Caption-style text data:
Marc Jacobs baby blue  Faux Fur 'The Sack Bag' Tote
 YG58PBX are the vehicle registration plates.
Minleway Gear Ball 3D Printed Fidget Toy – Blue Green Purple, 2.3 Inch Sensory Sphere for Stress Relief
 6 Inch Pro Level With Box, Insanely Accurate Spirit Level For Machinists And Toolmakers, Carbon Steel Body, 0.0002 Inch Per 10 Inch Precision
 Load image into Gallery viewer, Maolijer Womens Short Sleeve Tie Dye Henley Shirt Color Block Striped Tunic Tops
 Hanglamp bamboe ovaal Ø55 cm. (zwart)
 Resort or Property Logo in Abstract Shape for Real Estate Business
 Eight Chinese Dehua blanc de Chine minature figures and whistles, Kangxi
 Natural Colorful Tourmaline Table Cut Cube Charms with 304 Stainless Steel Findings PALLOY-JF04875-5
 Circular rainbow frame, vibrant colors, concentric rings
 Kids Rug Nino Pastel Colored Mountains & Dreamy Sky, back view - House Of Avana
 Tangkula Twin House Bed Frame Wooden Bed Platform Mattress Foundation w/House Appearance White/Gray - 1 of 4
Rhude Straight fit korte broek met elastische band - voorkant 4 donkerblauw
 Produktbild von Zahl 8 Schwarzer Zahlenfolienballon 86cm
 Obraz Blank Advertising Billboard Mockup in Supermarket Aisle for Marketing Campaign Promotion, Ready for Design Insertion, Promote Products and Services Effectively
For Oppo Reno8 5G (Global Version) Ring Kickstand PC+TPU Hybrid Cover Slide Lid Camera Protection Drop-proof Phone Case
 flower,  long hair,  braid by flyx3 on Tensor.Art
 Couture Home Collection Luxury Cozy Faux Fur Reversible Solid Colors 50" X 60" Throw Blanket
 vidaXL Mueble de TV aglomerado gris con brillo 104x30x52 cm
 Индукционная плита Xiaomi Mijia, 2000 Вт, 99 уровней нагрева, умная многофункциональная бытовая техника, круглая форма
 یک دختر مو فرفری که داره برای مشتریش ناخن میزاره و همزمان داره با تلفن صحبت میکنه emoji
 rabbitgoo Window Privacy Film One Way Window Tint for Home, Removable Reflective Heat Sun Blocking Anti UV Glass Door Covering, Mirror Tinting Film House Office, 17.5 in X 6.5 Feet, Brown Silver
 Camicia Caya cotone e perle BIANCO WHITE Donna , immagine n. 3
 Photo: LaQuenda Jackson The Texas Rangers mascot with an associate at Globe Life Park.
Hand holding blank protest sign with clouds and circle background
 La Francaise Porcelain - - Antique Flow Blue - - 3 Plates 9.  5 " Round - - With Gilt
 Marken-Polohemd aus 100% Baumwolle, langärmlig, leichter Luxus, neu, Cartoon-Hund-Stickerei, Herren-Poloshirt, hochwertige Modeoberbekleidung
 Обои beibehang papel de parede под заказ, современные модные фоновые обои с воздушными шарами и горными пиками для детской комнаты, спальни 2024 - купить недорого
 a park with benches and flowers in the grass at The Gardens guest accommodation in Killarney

§ Task goal
Would you copy out each record precisely as it stands?

§ Expected answer
Marc Jacobs baby blue  Faux Fur 'The Sack Bag' Tote
 YG58PBX are the vehicle registration plates.
Minleway Gear Ball 3D Printed Fidget Toy – Blue Green Purple, 2.3 Inch Sensory Sphere for Stress Relief
 6 Inch Pro Level With Box, Insanely Accurate Spirit Level For Machinists And Toolmakers, Carbon Steel Body, 0.0002 Inch Per 10 Inch Precision
 Load image into Gallery viewer, Maolijer Womens Short Sleeve Tie Dye Henley Shirt Color Block Striped Tunic Tops
 Hanglamp bamboe ovaal Ø55 cm. (zwart)
 Resort or Property Logo in Abstract Shape for Real Estate Business
 Eight Chinese Dehua blanc de Chine minature figures and whistles, Kangxi
 Natural Colorful Tourmaline Table Cut Cube Charms with 304 Stainless Steel Findings PALLOY-JF04875-5
 Circular rainbow frame, vibrant colors, concentric rings
 Kids Rug Nino Pastel Colored Mountains & Dreamy Sky, back view - House Of Avana
 Tangkula Twin House Bed Frame Wooden Bed Platform Mattress Foundation w/House Appearance White/Gray - 1 of 4
Rhude Straight fit korte broek met elastische band - voorkant 4 donkerblauw
 Produktbild von Zahl 8 Schwarzer Zahlenfolienballon 86cm
 Obraz Blank Advertising Billboard Mockup in Supermarket Aisle for Marketing Campaign Promotion, Ready for Design Insertion, Promote Products and Services Effectively
For Oppo Reno8 5G (Global Version) Ring Kickstand PC+TPU Hybrid Cover Slide Lid Camera Protection Drop-proof Phone Case
 flower,  long hair,  braid by flyx3 on Tensor.Art
 Couture Home Collection Luxury Cozy Faux Fur Reversible Solid Colors 50" X 60" Throw Blanket
 vidaXL Mueble de TV aglomerado gris con brillo 104x30x52 cm
 Индукционная плита Xiaomi Mijia, 2000 Вт, 99 уровней нагрева, умная многофункциональная бытовая техника, круглая форма
 یک دختر مو فرفری که داره برای مشتریش ناخن میزاره و همزمان داره با تلفن صحبت میکنه emoji
 rabbitgoo Window Privacy Film One Way Window Tint for Home, Removable Reflective Heat Sun Blocking Anti UV Glass Door Covering, Mirror Tinting Film House Office, 17.5 in X 6.5 Feet, Brown Silver
 Camicia Caya cotone e perle BIANCO WHITE Donna , immagine n. 3
 Photo: LaQuenda Jackson The Texas Rangers mascot with an associate at Globe Life Park.
Hand holding blank protest sign with clouds and circle background
 La Francaise Porcelain - - Antique Flow Blue - - 3 Plates 9.  5 " Round - - With Gilt
 Marken-Polohemd aus 100% Baumwolle, langärmlig, leichter Luxus, neu, Cartoon-Hund-Stickerei, Herren-Poloshirt, hochwertige Modeoberbekleidung
 Обои beibehang papel de parede под заказ, современные модные фоновые обои с воздушными шарами и горными пиками для детской комнаты, спальни 2024 - купить недорого
 a park with benches and flowers in the grass at The Gardens guest accommodation in Killarney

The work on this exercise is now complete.